A UN LUGAR TECHADO POR FOLLAJE VERDE DENTRO DE la selva de la huasteca potosina de México, en el que una humedad opresiva todo lo circunda, llegó un día de 1950 Edward James, escocés riquísimo, pintor aficionado, poeta, escritor y mecenas de artistas.

En 1944, un año antes de venir a México por primera vez, James había pasado temporadas inmerso en el conocimiento del budismo, la meditación y las Vedantas –sistema ortodoxo de filosofía de la India– bajo la tutela de Krishnamurti en Los Ángeles, California, y acompañado del escritor Aldous Huxley. Este mismo autor le mostró algo del territorio de México cuando invitó a James y al psicólogo Erich Fromm a descansar en su casa de Cuernavaca en 1945.

James continuó su aventura en el norte de la República en 1950, con un joven amigo mexicano, Plutarco Gaste­lum. En su compañía se sumergió en las frescas aguas de los nueve estanques naturales intercomunicados por un sinuoso río con cascadas que descienden de los montes dentro de las treinta hectáreas que conforman el rancho cafetalero La Conchita, a las afueras del pueblo de Xilit­la, antiguamente denominado Taxiol Xilitla –traducido a veces como Lugar de Caracoles y otras como Lugar de Pizahuales (una planta local)–, alejado ochenta y siete kilómetros de Ciudad Valles, Tamaulipas, sobre el terreno bajo y caluroso que se extiende frente a las costas del Golfo de México.

Bañándose en esas pozas vio como signo premonitorio el hecho de que uno de sus acompañantes, el texano Roland Mckenzie, quedó envuelto en una colonia de mariposas y se convirtió en “el hombre mariposa”. Edward James había encontrado su santuario particular.

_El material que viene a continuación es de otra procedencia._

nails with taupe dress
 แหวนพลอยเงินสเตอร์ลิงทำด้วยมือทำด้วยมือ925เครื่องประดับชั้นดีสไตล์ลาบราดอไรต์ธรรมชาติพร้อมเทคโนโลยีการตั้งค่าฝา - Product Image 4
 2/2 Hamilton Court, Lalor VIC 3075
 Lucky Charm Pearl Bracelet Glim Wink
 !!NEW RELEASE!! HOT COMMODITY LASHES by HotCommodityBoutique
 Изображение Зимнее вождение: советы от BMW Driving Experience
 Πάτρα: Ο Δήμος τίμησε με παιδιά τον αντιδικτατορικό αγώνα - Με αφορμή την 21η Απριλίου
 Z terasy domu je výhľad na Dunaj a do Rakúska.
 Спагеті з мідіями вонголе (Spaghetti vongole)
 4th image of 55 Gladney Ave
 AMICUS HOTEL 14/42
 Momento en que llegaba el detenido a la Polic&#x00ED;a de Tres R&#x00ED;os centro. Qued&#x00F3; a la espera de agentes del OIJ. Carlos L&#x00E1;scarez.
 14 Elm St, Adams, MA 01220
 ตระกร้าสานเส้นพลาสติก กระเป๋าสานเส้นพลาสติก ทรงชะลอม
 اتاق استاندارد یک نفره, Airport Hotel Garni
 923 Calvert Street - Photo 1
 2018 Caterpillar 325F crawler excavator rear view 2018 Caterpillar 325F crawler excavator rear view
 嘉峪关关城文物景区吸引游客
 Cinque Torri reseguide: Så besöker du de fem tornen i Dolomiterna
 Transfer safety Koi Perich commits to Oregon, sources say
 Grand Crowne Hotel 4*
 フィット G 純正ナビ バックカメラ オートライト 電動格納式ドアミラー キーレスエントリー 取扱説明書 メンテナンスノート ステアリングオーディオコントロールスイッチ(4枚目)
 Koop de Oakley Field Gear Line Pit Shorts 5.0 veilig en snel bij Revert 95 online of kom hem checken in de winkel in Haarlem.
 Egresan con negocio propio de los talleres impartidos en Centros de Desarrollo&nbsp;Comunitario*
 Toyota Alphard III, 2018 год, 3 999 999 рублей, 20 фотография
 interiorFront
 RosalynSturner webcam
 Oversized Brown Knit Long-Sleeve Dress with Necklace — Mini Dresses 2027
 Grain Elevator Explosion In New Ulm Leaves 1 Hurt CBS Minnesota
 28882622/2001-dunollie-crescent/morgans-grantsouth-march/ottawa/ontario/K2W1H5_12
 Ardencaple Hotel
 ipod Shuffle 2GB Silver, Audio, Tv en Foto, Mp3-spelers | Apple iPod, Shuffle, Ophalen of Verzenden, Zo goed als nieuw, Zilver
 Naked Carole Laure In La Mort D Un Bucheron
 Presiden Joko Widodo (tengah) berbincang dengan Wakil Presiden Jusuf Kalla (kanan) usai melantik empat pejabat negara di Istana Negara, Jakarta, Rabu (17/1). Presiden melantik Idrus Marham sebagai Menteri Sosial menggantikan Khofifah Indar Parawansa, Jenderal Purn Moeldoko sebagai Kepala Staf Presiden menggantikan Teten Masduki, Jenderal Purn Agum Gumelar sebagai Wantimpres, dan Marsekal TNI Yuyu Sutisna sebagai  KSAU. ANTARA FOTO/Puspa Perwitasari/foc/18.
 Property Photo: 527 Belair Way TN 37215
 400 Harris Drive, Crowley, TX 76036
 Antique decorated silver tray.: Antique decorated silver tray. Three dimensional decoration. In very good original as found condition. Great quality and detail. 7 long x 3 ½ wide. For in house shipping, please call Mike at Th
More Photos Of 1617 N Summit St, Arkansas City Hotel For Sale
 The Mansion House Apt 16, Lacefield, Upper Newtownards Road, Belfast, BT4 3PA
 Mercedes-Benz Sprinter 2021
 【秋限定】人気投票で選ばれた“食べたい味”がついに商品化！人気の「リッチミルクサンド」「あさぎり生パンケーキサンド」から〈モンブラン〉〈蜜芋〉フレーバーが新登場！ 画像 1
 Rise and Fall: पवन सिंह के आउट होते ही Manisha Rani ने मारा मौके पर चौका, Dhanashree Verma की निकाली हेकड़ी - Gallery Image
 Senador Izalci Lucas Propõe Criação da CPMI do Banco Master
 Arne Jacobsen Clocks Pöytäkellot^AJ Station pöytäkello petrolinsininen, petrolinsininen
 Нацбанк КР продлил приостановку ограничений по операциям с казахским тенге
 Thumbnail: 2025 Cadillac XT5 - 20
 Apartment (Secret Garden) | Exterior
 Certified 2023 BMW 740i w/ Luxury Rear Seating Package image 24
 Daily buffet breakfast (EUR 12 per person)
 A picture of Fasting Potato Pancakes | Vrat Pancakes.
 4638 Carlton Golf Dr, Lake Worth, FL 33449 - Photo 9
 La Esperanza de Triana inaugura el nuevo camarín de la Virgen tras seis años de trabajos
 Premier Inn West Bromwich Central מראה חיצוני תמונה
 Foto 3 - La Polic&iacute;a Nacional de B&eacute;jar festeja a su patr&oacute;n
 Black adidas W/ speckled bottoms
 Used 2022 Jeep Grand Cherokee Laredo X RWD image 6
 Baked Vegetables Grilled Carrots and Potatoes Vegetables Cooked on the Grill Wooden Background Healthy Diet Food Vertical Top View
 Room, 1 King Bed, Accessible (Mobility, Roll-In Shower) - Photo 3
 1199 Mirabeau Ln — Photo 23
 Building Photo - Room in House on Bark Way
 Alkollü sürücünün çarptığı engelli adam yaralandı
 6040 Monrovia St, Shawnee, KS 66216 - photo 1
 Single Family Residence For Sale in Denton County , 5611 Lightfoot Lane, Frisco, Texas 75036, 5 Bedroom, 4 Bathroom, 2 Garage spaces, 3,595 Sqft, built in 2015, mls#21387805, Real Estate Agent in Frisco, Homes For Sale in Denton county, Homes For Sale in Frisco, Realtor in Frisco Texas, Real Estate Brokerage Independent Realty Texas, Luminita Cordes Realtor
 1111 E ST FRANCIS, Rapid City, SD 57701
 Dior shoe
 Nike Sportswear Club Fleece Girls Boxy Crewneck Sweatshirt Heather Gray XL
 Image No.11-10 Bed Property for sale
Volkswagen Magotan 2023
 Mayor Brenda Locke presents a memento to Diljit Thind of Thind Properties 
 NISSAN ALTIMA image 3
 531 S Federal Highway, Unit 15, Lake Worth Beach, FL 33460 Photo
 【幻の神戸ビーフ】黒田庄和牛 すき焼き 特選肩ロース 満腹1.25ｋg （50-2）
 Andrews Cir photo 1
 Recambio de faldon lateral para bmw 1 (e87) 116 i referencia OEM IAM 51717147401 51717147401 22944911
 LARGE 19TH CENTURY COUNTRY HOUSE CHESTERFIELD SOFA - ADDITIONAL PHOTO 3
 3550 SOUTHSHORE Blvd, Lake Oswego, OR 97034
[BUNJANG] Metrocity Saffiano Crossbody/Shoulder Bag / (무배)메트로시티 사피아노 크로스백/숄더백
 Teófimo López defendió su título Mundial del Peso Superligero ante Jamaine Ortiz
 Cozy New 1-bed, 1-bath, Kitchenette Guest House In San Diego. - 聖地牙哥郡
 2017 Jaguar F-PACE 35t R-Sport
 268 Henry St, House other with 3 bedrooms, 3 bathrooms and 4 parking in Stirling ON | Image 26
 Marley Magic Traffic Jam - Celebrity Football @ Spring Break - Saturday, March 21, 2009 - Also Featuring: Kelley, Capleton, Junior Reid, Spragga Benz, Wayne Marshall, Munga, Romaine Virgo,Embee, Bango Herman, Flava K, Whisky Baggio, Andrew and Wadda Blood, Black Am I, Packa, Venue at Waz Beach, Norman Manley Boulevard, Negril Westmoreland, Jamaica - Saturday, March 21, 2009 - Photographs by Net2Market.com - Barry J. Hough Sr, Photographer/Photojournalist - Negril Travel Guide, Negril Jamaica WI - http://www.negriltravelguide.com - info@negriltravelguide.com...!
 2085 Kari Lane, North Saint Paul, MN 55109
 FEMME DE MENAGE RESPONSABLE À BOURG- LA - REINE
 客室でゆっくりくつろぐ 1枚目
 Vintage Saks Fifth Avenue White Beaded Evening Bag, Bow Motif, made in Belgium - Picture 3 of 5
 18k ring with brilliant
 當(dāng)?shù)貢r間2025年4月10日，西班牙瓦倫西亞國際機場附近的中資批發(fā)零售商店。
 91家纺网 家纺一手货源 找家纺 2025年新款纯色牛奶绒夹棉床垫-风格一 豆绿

Enamorado del lugar, adquirió la finca a la que paulatina­mente añadió lotes comprados a los vecinos y dedicó el área al cultivo de diez mil orquídeas que, desafortunadamente, murieron en una helada invernal en 1963. Es entonces cuando Edward James (Edward Frank Willis James, naci­do el 16 de agosto de 1907 en Gullane, Escocia y muerto de apoplejía abdominal el 2 de diciembre de 1984 en San Remo, Italia) inicia su fantasía arquitectónica estilo Jungle Regency construida a lo largo de diecisiete años, a partir de 1967 y hasta su muerte, a la que llamó El Jardín del Edén. “Construyo –decía– simplemente porque me gusta ver algo bonito, porque la viva tierra mexicana me lo sugirió. Ya es­taban ahí, yo solo las materialicé. Se me murieron diez mil orquídeas y me hice a la tarea de crear algo más resistente que soportara las heladas.”

La obra en sí es una exhuberancia inacabada, toda cemento y murmullos que producen un efecto melancólico. Despierta en el visitante el asombro a la vez que una sensación de lige­ro miedo y exaltación. A fin de gozar plenamente el espacio se requiere de un período previo de adaptación para aceptar lo inclasificable, monumentos que no se adaptan a los cá­nones aprendidos a lo largo de una vida. El área construida en Las Pozas consta de treinta y seis formas esculturales caprichosas, con fuerte influencia surrealista apoyada en “la certeza del azar”, entre las cuales solamente una tuvo como finalidad convertirse en alojamiento humano: la casa que habitaría James y que, entre sus instalaciones, cuenta con una piscina en forma de ojo para contener cincuenta mil galones de agua. La pupila serviría para el agua caliente y el resto para agua fría.

Su espíritu creativo lo llevaba por caminos varios. Surgía la obra escultórica que despreciaba todos los principios del máximo rendimiento de materiales y recursos económicos privilegiando los ensueños sobre el uso racional del terreno, sin llevar el trabajo a un fin concreto ni a una función espe­cífica. Él mismo escribió la poesía que la acompañaría:

My house grows like the chamber’d nautilus;

After the storm opens a larger room from my

intenser childhood’s sleeping place… where curled,

my head to chest, I felt the grace….

of the first need to grow. My house has wings

and sometimes in the dead of night she sings.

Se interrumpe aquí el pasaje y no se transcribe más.